### Task objective
Some of the lines below need repeating. Reproduce exactly those between the lines holding "Stunning twilight views" and "Cotton Slub Stripe Dolman Short Sleeve Tee", inclusive.

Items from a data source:
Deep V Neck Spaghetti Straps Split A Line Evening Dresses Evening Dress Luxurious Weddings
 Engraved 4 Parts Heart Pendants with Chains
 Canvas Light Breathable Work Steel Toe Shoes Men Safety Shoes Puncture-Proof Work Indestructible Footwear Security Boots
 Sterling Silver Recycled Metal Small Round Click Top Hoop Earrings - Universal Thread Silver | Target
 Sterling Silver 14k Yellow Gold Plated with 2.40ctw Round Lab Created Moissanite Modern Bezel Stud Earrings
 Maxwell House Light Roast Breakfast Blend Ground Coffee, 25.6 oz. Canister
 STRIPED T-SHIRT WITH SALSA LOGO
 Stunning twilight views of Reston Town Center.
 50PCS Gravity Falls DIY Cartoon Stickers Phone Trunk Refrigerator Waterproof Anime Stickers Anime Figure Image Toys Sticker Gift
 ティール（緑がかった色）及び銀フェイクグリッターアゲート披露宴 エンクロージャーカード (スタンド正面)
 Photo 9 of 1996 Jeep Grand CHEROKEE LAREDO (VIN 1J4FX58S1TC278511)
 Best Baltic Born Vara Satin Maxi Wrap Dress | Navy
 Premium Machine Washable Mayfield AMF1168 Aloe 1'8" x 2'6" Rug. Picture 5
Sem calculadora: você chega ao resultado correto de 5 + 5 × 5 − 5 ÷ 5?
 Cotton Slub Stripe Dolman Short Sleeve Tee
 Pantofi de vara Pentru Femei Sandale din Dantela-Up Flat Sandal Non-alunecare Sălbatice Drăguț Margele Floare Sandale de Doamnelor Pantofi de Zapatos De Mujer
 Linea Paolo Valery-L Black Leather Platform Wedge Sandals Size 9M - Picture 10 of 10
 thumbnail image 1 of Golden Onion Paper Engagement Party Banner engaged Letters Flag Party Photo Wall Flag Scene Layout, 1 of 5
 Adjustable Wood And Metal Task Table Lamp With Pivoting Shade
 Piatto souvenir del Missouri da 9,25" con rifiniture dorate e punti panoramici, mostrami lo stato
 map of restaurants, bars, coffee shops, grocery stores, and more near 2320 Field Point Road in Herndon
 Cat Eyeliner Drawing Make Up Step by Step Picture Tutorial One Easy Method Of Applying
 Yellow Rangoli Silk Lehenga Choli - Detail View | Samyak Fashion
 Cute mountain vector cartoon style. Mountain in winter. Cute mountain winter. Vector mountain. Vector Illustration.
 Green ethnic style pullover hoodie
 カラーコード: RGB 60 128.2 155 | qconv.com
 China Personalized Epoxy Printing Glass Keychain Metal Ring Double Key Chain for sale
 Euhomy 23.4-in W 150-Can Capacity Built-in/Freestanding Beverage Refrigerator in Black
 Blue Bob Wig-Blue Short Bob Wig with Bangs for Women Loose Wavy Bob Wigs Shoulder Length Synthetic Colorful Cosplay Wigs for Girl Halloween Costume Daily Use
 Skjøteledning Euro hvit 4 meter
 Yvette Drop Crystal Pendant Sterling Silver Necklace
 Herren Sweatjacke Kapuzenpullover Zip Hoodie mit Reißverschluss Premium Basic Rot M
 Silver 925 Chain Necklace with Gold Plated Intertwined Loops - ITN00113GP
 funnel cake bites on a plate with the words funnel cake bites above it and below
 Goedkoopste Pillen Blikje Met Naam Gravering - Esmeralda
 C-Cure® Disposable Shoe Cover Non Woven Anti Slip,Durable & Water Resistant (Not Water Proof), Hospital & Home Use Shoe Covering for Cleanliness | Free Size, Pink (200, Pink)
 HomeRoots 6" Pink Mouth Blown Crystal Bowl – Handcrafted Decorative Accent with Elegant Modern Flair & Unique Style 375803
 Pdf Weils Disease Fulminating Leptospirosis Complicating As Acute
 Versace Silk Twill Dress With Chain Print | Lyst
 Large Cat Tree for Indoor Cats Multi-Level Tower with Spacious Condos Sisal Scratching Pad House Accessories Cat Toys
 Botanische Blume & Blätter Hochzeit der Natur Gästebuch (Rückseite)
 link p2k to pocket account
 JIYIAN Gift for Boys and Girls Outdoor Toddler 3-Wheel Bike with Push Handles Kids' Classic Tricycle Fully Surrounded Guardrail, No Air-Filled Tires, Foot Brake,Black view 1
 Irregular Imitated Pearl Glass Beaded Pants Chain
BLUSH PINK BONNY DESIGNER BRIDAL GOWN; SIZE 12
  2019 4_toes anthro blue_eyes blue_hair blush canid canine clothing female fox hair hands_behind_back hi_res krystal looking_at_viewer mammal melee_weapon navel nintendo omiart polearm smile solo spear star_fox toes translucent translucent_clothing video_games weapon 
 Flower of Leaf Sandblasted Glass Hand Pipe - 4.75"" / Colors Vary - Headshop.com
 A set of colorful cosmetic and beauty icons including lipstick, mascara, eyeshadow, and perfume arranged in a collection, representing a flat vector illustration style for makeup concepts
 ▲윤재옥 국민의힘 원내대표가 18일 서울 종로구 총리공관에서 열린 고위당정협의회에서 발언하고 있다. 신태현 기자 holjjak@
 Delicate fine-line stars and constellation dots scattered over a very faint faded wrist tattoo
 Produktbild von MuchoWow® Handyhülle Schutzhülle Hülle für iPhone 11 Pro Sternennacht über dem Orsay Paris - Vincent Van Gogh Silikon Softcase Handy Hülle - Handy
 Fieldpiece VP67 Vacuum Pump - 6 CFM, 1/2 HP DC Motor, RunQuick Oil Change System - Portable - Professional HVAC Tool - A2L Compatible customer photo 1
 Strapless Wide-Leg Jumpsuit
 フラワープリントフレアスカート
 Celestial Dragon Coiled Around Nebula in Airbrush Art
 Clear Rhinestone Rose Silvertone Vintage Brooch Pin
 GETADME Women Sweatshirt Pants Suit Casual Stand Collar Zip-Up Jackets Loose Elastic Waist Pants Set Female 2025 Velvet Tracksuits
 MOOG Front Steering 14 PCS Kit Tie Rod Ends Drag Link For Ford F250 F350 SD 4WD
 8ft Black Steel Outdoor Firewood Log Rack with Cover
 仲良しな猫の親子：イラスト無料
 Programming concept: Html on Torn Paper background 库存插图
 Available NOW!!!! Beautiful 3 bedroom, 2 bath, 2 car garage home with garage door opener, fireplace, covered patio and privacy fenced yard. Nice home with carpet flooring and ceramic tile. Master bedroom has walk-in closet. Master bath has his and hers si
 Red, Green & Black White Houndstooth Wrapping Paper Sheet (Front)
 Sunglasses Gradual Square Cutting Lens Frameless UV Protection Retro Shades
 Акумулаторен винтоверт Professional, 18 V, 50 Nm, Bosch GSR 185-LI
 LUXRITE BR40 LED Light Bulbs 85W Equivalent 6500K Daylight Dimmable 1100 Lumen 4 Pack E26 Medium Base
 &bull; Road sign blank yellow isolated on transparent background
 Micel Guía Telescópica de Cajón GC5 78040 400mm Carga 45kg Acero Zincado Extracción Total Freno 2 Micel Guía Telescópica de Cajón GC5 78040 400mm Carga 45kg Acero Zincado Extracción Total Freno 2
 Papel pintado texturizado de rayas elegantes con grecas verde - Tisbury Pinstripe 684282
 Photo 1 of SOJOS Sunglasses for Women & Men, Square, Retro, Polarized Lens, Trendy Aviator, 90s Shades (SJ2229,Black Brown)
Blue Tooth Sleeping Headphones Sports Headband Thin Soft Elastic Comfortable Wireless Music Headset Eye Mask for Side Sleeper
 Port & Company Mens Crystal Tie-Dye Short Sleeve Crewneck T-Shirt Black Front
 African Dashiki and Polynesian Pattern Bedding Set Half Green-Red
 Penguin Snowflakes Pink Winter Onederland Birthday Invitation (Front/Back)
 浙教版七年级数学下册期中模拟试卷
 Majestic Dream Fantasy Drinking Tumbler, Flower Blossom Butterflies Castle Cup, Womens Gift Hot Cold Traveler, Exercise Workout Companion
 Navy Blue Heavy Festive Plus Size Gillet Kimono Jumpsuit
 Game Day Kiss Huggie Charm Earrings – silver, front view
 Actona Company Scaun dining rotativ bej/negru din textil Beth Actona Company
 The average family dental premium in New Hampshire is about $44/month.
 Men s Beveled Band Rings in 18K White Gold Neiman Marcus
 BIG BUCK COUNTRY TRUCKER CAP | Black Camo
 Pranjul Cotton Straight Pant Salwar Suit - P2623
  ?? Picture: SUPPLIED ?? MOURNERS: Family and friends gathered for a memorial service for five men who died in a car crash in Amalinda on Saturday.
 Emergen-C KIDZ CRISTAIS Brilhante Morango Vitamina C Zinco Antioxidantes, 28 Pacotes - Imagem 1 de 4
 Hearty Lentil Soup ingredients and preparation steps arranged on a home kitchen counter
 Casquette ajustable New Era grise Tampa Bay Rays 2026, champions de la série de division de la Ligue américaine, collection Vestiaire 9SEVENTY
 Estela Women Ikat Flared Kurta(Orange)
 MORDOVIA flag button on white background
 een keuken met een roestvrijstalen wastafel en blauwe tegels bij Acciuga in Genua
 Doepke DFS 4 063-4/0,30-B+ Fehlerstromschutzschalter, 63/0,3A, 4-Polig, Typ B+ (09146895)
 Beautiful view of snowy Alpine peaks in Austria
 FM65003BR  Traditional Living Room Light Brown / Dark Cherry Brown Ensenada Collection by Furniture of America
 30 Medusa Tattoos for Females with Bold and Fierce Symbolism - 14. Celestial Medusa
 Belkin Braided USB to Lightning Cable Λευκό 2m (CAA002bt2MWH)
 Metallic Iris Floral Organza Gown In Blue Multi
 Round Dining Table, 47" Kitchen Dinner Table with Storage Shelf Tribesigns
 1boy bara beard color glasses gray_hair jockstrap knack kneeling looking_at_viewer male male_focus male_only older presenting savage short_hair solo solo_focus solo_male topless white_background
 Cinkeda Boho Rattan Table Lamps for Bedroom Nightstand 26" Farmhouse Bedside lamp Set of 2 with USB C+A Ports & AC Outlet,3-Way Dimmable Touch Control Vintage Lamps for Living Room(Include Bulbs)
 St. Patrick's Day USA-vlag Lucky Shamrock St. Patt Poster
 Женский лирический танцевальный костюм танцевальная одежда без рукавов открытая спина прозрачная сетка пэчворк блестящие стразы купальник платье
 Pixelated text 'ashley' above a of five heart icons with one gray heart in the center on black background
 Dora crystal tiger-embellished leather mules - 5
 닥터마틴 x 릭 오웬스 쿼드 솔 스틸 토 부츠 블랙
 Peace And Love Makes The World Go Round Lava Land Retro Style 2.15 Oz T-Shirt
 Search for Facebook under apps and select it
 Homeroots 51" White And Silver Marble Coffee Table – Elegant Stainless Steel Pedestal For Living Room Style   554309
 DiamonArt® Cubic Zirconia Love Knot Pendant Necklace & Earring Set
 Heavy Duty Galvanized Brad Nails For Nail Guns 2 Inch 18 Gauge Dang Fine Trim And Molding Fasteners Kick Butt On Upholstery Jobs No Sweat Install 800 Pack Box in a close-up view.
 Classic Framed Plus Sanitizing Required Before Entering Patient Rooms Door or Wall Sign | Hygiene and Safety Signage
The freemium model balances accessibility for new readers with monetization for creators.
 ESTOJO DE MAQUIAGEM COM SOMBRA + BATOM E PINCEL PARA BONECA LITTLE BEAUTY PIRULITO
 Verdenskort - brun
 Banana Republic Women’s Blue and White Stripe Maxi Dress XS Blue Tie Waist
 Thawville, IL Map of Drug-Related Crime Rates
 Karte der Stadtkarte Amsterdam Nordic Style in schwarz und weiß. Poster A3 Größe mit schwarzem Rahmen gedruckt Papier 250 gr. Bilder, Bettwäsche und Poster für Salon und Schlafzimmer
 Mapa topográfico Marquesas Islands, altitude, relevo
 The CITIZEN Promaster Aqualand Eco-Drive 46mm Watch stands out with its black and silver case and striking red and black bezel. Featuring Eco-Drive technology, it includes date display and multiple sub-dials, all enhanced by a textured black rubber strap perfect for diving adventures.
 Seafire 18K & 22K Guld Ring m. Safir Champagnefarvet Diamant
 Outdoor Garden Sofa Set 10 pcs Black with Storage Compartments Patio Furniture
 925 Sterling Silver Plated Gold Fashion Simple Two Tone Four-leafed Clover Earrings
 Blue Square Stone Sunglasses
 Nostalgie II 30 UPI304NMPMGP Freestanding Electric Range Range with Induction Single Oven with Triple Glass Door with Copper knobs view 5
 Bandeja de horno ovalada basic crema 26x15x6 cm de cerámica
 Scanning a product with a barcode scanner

### Response to the exercise
 Stunning twilight views of Reston Town Center.
 50PCS Gravity Falls DIY Cartoon Stickers Phone Trunk Refrigerator Waterproof Anime Stickers Anime Figure Image Toys Sticker Gift
 ティール（緑がかった色）及び銀フェイクグリッターアゲート披露宴 エンクロージャーカード (スタンド正面)
 Photo 9 of 1996 Jeep Grand CHEROKEE LAREDO (VIN 1J4FX58S1TC278511)
 Best Baltic Born Vara Satin Maxi Wrap Dress | Navy
 Premium Machine Washable Mayfield AMF1168 Aloe 1'8" x 2'6" Rug. Picture 5
Sem calculadora: você chega ao resultado correto de 5 + 5 × 5 − 5 ÷ 5?
 Cotton Slub Stripe Dolman Short Sleeve Tee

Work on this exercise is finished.